Essai thérapeutique : la molécule nommée Bia 10-2474 en cause ?

L’essai thérapeutique de phase 1 qui a conduit à l’hospitalisation de six personnes, dont une personne en état de mort cérébrale et cinq autres dans un « état grave » au (Centre Hospitalier Universitaire) de Rennes portait sur l’évaluation d’une molécule Bia 10-2474 contenue dans un médicament susceptible de traiter les troubles de l’humeur et de l’anxiété, la douleur, mais aussi les troubles neurologiques moteurs de la maladie de Parkinson.
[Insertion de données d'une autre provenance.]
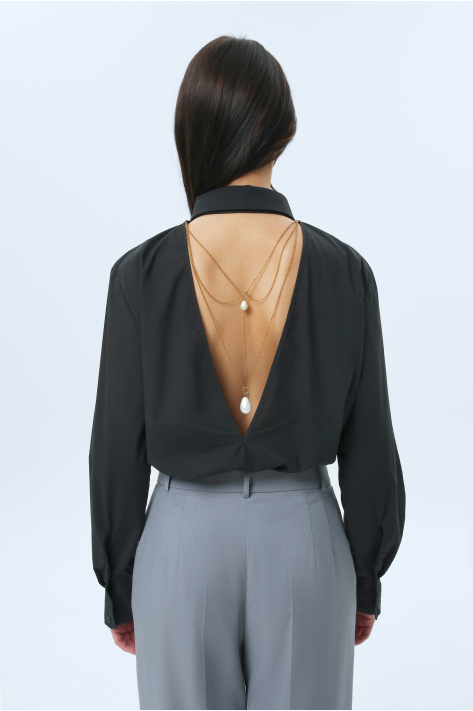 Shirt with decorative detail, black Shirt with decorative detail, black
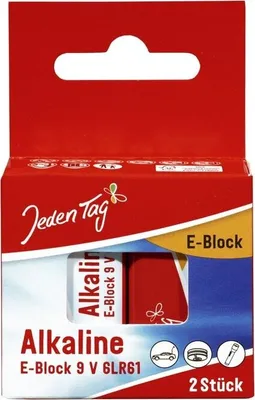 Produktbild von Jeden Tag - Alkaline Batterien - E-Block - 9V - 6LR61 - 2 Stück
Un essai thérapeutique qui tourne mal

La molécule évaluée a été mise au point par BIAL – Portela & Cª., S.A., le leader de l’industrie pharmaceutique portugaise mais c’est un laboratoire privé agréé, Biotrial de Rennes, qui a mis en place l’essai de phase 1 et testé ce médicament auprès de 90 personnes en bonne santé, âgées entre 18 et 55 ans. Ces volontaires se sont vus administrer cette molécule, à des doses variables à partir du 7 janvier. Le 10 janvier, des symptômes inquiétants sont apparus sur le patient aujourd’hui en état de mort cérébrale. Les cinq autres patients hospitalisés à leur tour souffrent de « troubles neurologiques » qui pourraient être irréversibles.

Autorisé le 26 juin dernier par l’Agence nationale de sécurité du médicament et des produits de santé (ANSM), cet essai clinique de phase I avait reçu un avis favorable du Comité de Protection des Personnes Ouest VI le 3 juillet 2015.

Suite à cet accident grave, le laboratoire BIAL – Portela & Cª., S.A., a informé l’ANSM et la société Biotrial, responsable de la mise en œuvre de l’essai de son interruption qui est survenu dès le lundi 11 janvier.

Tous les volontaires de l’étude ont quant à eux été contactés et invités à subir un IRM (Imagerie par Résonance Magnétique) au CHU de Rennes.

Le protocole d’administration de l’essai de phase I respecté par Biotrial

Selon Marisol Touraine, la ministre de la santé, qui s’est rendue hier sur place pour tenir une conférence de presse, cet essai visait à évaluer les effets du médicament. Comme dans tous les protocoles d’essai thérapeutique de phase 1, les molécules ont d’abord été administrées en dose unique, dans un deuxième temps, elles ont été données en doses multiples (le traitement est alors pris plusieurs fois, sur plusieurs jours d’affiliée) puis enfin, dans le cadre de la prise d’un repas.

Ce sont ainsi, selon la ministre, les hommes  qui ont pris les plus fortes doses du médicament, et de façon répétée, qui ont été hospitalisés dans un état grave.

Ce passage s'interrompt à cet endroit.